New York

Tyler Coburn, Remote Viewer (animation), 2018, digital video, black-and-white, silent, 7 minutes 42 seconds.

Tyler Coburn, Remote Viewer (animation), 2018, digital video, black-and-white, silent, 7 minutes 42 seconds.

Tyler Coburn

Koenig & Clinton

As surveillance and communications technologies grow ever more sophisticated, so, too, must our expectations of privacy evolve to both answer and anticipate these new forms of digitally enhanced access. And yet, long before the days of search engines and social media streams, there were drug-addled Delphic priestesses, clairvoyants gazing into crystal balls, and salon-parlor spiritualists, spewing ectoplasm or rapping away under their tables. While instances of paranormal prescience are well documented around the globe, mainstream science has kept a careful distance from the subject. Indeed, when Upton Sinclair published Mental Radio (1930), a book documenting the purported telepathic abilities of his second wife, Mary Craig, pioneering parapsychologist William McDougall praised the writer for his courage in venturing into a field “in which reputations are more easily lost than made.”

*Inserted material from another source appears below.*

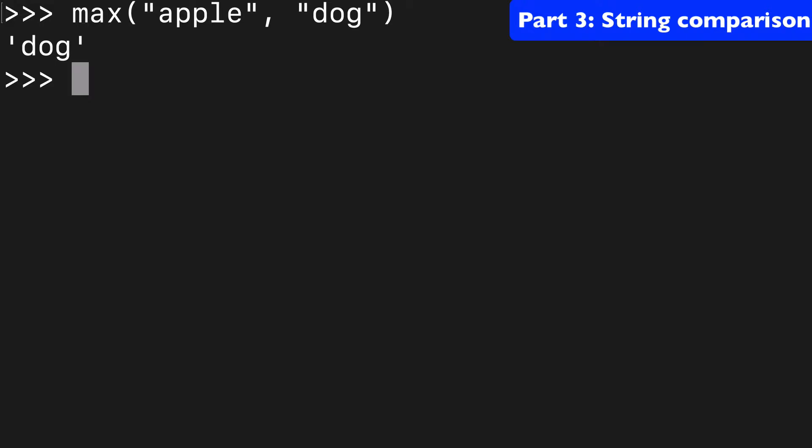That might seem unintuitive. You might have thought the one with the longer length would be the max, but it's dog, and you're going to have to think of things in terms of both ASCII and alphabetical style. So it has a higher ASCII number, and it's higher in the alphabet.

Tyler Coburn delved into this history with “Remote Viewer,” an exhibition economically comprised of a text, an object, and an animation. The last restages the experiments reproduced in Mental Radio, for which Craig used her gifts to replicate drawings made by someone in another room (or even in another city). Of her nearly three hundred logged attempts, roughly a quarter were deemed “successful matches,” while more than half qualified as “partial successes” for their respective formal correspondences (say, a roller skate mistaken for an upside-down horse’s head). Coburn’s nearly eight-minute video Remote Viewer (animation), 2018, scrawls out the drawings of Craig and her test subject side by side in a manner that recalls Craig’s own characterization of how an image came to her: as if “drawn by an invisible pencil.” When each pair is completed, it vanishes from the frame and a new set begins, transforming the projection surface into a kind of ESP Etch A Sketch.

Sinclair concluded that his wife must be receiving vibrations from a “brain radio” emitting waves through the atmosphere. Coburn conjured this effect by neutralizing the gallery lights with gray filters. The resulting haze was just perceptible enough to suggest that something indeed might be “in the air.” This implication was given sculptural form in Remote Viewer (object), 2017, a slender white rectangle laid like a carpet across the floor. Made in collaboration with the Manhattan design firm Bureau V, the object’s milky surface resembled that of poured plastic, but its material is actually high-density MDF, ingenuously manipulated so that one corner rises in a rumpled ridge, as if a mental vibration had been caught in the act of passing through.

Neither of these pieces was accompanied by any additional context or explanation. Instead, Coburn offered his audience Remote Viewer (takeaway), 2018, a two-page text printed on translucent vellum, so that the typed letters form a ghostly palimpsest when the pages are stacked. Lyrically composed, the text flows in waves, as the author surges from the experiments of early Spiritualists to the incorporation of psionic tactics into modern warfare, including the Cold War–era units dedicated to “remote viewers”—“flesh-and-blood prototypes of drones” who “flew the psychic airstreams in search of nuclear missiles, secret submarines, and tanks.” Coburn concludes that anyone endowed with this kind of sight is doomed to paranoia, for he or she knows the true extent to which the human mind has left its kitchen door unlocked.